Exercise prompt - Exactly the lines from the one holding "Radiant Diamond facial" through the last line of the listing below must appear in the answer, and no pictures.

Dataset records -
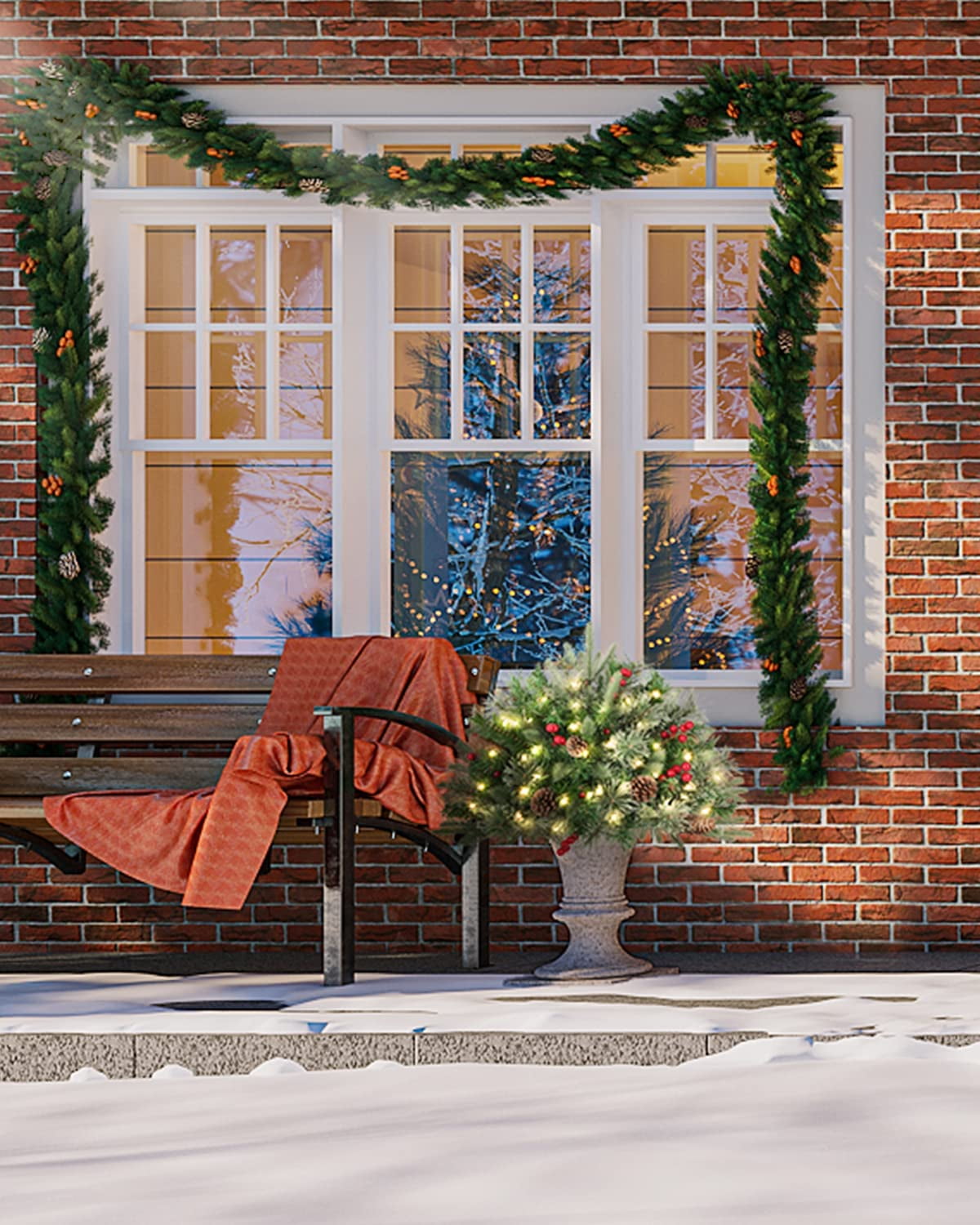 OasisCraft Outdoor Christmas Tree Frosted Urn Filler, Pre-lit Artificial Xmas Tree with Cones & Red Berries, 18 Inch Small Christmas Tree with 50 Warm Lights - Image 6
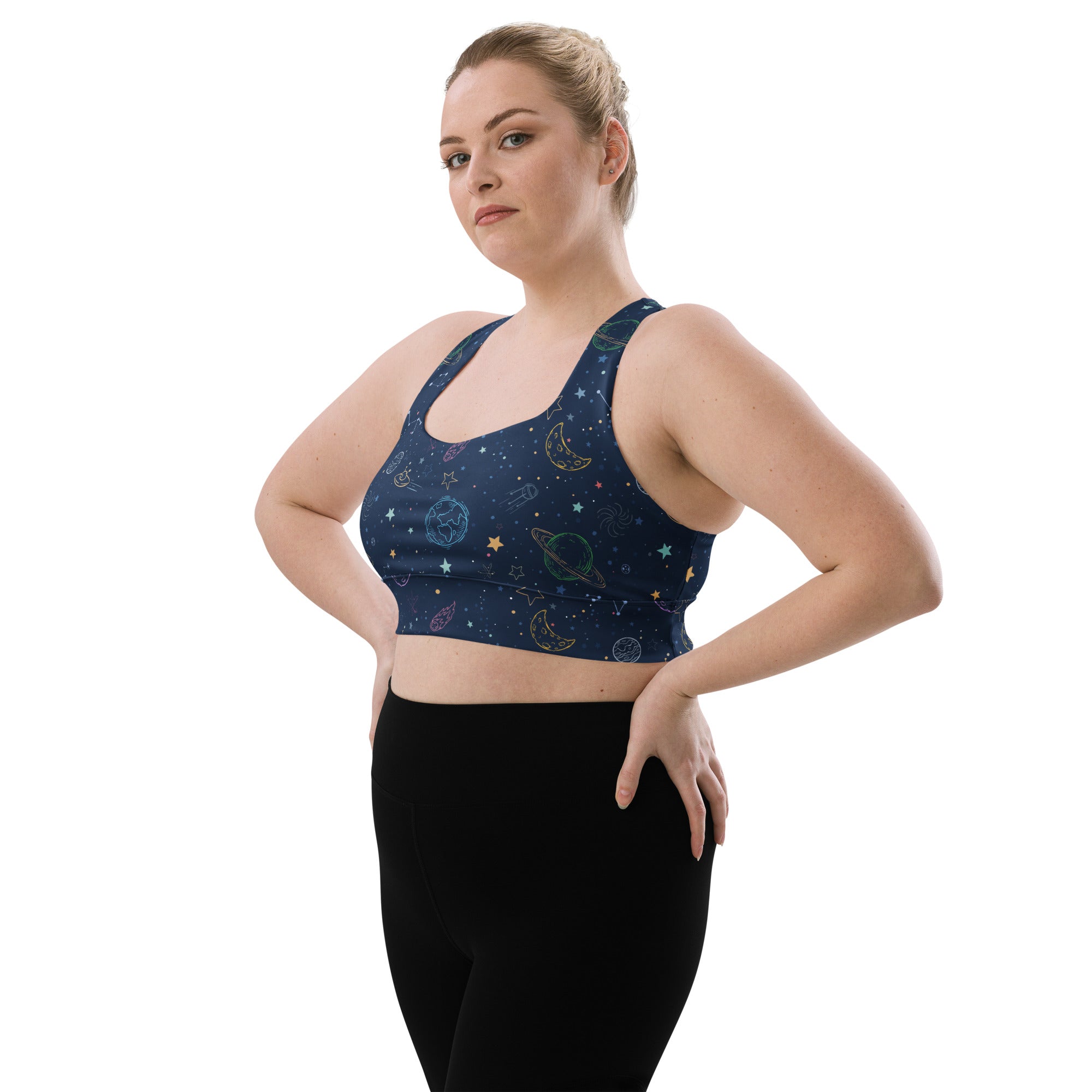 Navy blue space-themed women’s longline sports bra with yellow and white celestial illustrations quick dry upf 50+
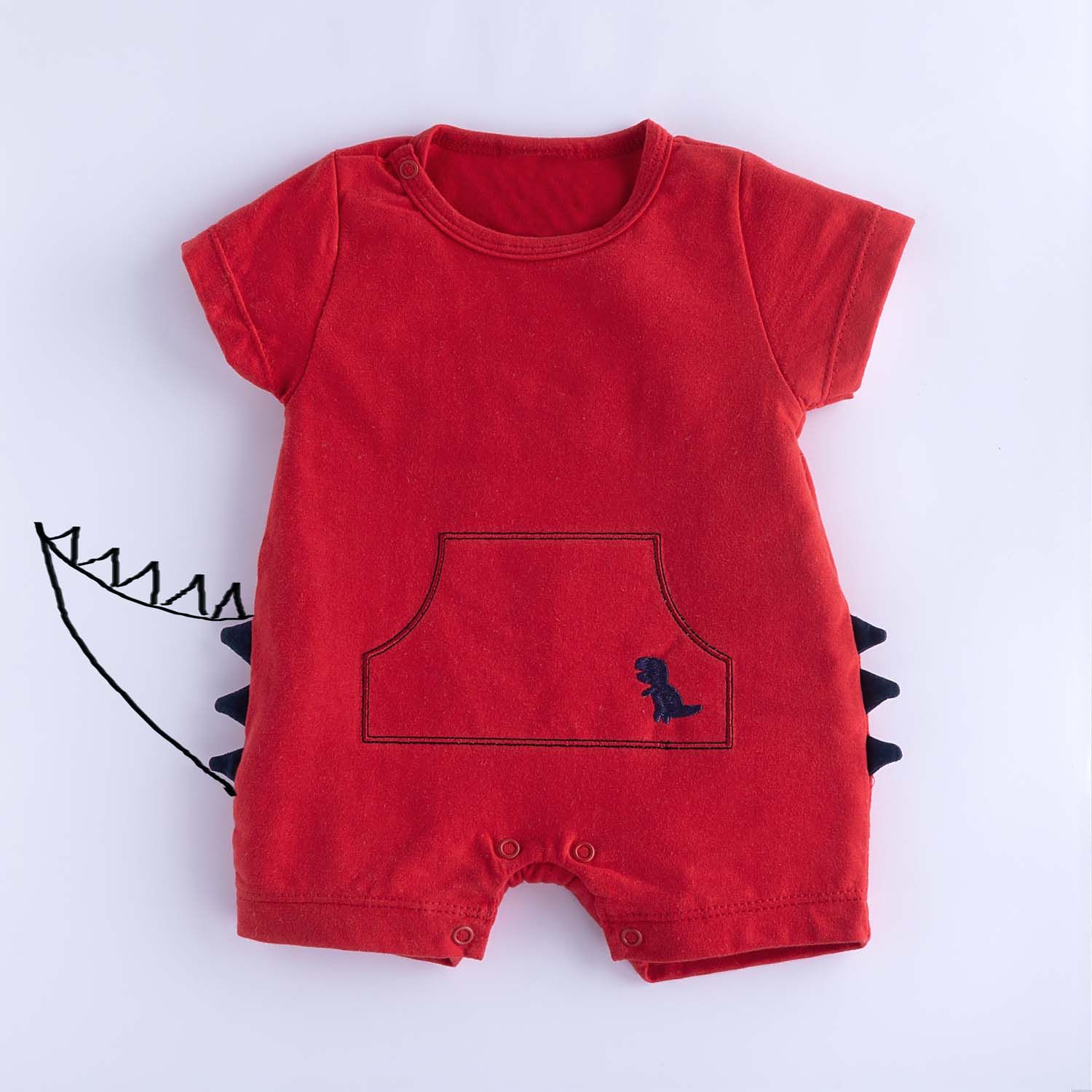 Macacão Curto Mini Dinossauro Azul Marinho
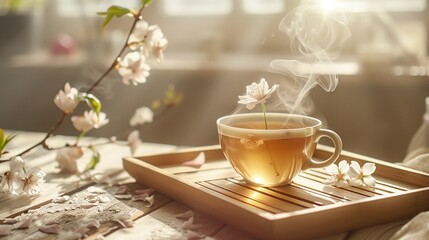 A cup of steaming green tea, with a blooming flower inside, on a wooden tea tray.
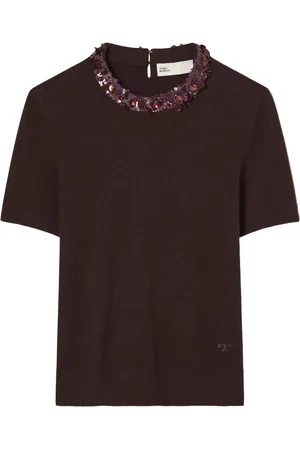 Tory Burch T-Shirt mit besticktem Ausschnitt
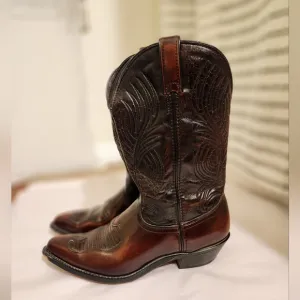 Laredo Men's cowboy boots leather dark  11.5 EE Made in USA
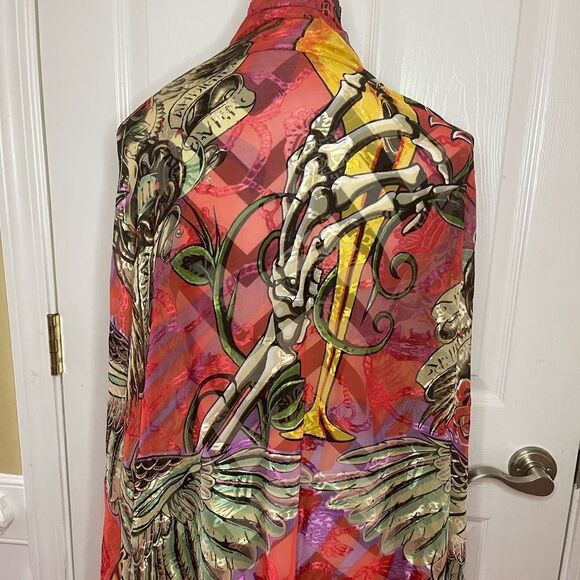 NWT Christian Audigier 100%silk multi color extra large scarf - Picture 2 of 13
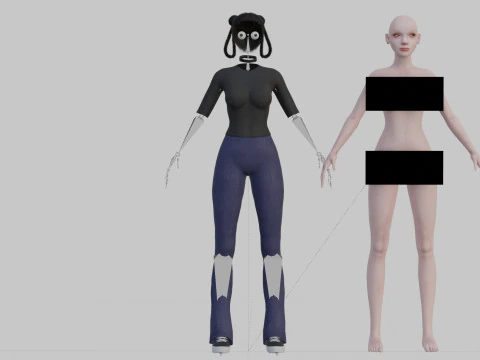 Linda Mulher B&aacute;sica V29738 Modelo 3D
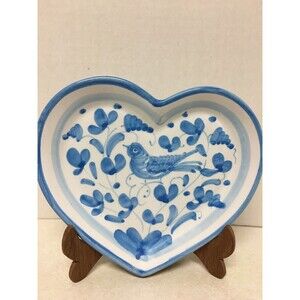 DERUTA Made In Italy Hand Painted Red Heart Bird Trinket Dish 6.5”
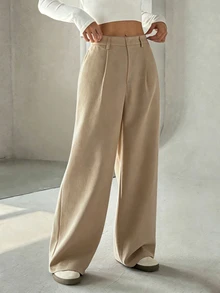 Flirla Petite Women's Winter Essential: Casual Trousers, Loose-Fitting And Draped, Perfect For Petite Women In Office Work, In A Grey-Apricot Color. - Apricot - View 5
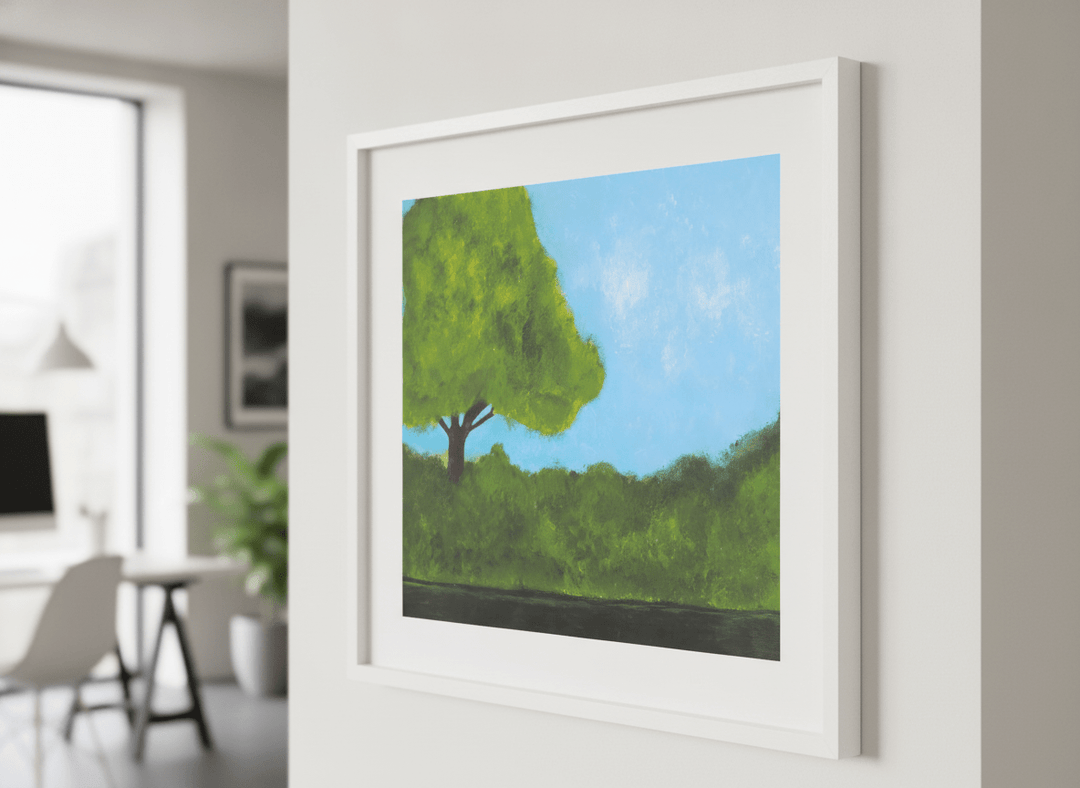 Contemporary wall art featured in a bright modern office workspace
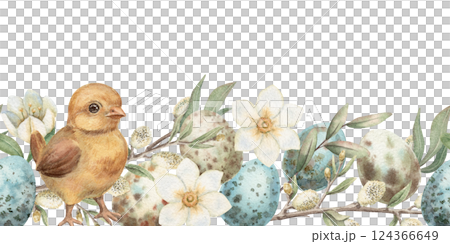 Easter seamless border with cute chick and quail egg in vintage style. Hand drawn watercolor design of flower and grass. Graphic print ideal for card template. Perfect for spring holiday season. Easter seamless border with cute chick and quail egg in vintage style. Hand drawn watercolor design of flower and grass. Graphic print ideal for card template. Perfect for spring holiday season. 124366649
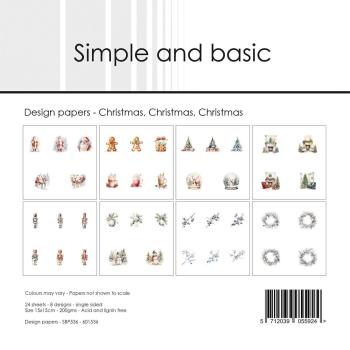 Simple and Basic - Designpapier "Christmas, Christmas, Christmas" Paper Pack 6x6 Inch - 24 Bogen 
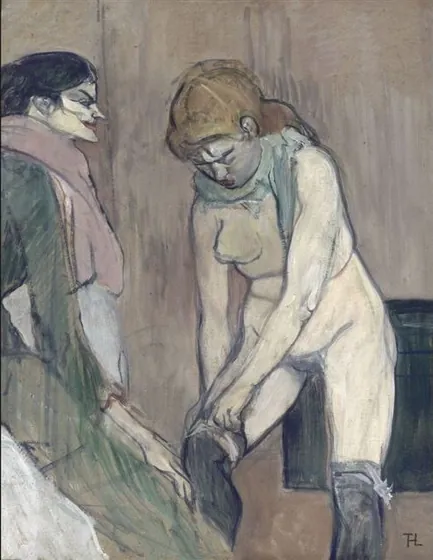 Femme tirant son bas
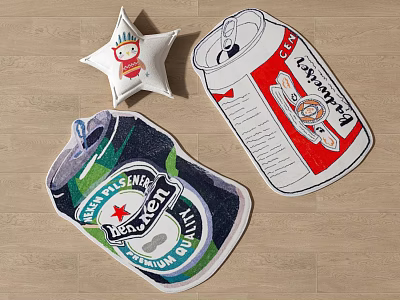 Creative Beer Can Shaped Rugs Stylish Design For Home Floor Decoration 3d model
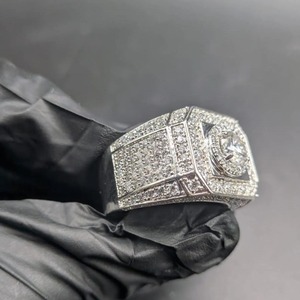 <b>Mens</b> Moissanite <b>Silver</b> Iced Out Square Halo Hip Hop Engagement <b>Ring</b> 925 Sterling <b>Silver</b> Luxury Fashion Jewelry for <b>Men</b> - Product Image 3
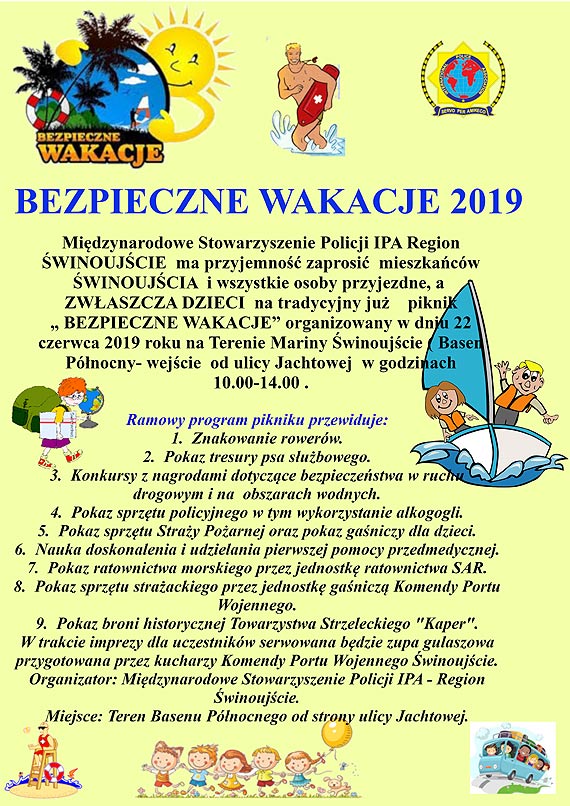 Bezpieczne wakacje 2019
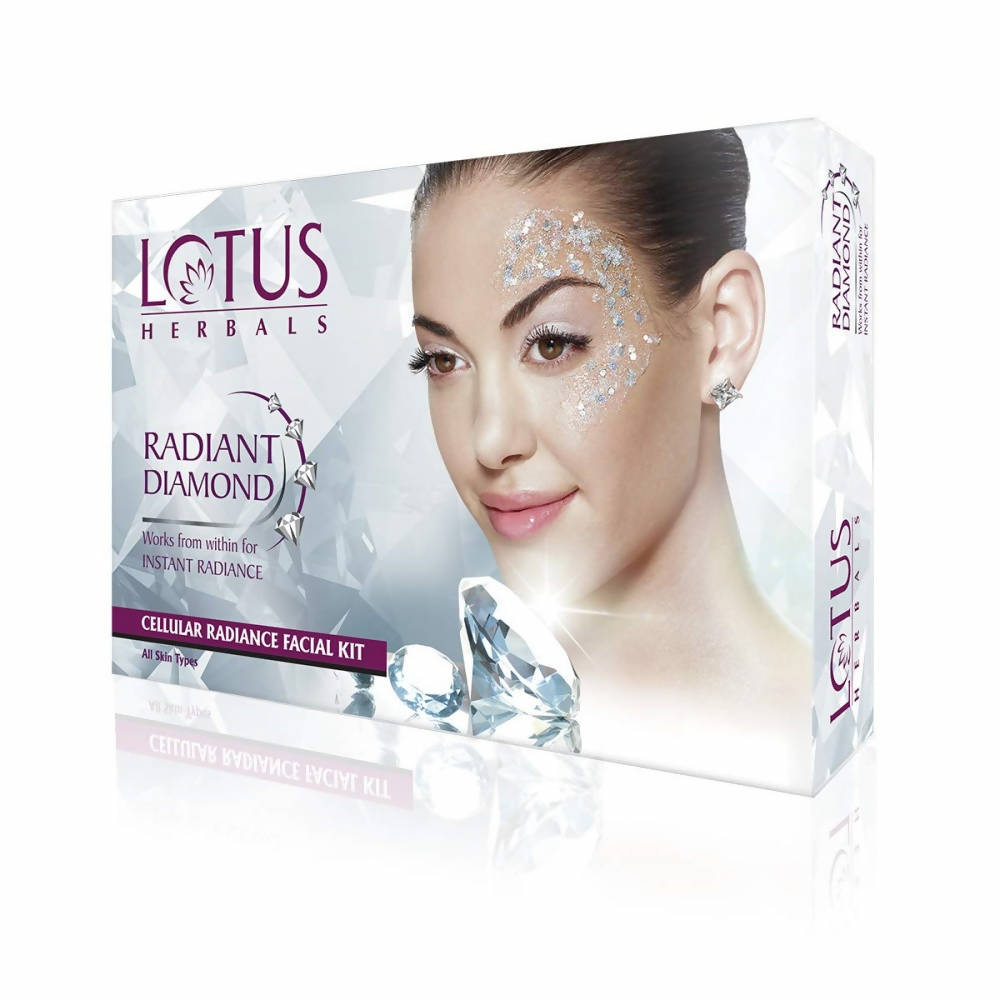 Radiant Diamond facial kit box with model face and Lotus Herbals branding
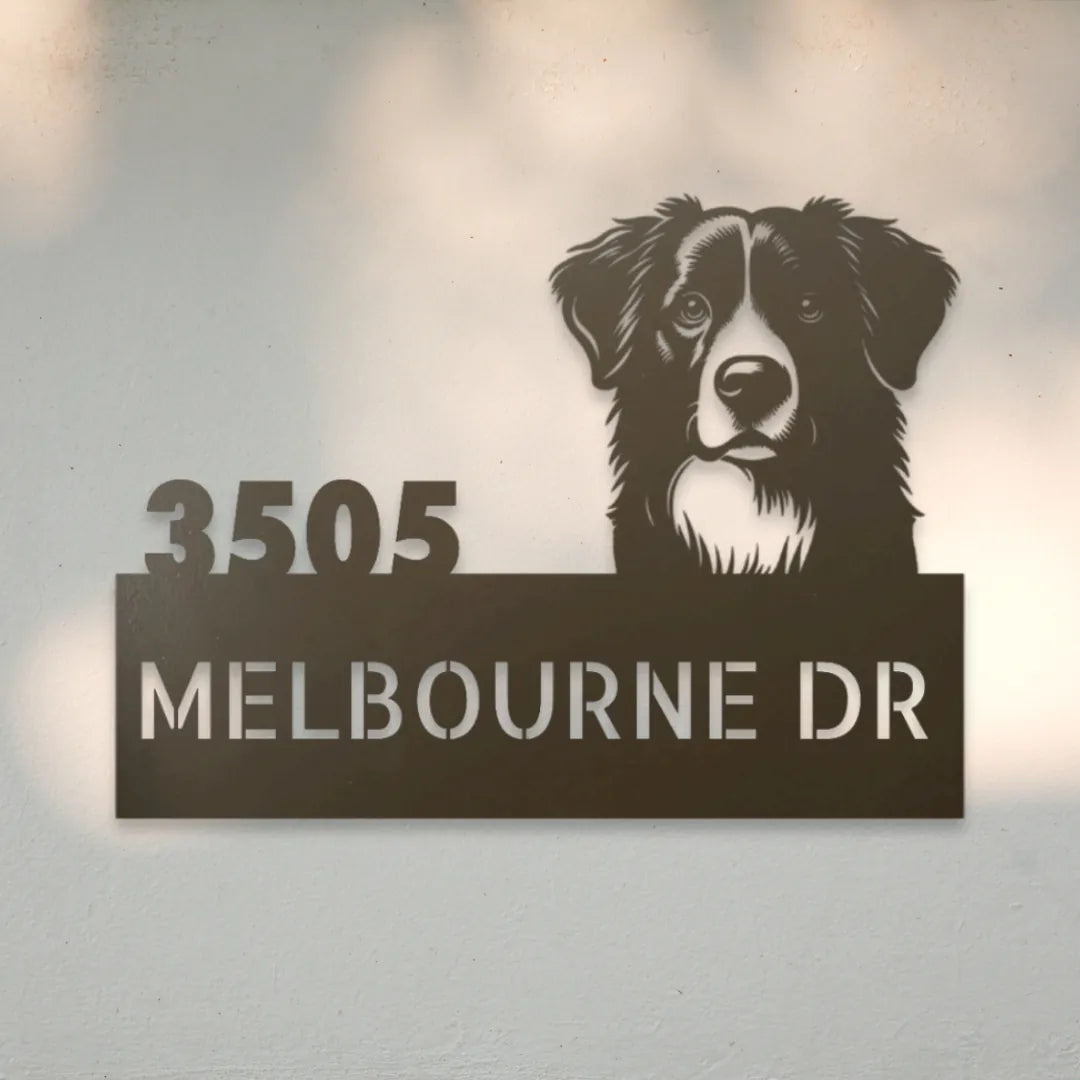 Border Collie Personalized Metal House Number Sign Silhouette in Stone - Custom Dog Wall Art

Answer to this task -
 Radiant Diamond facial kit box with model face and Lotus Herbals branding
 Border Collie Personalized Metal House Number Sign Silhouette in Stone - Custom Dog Wall Art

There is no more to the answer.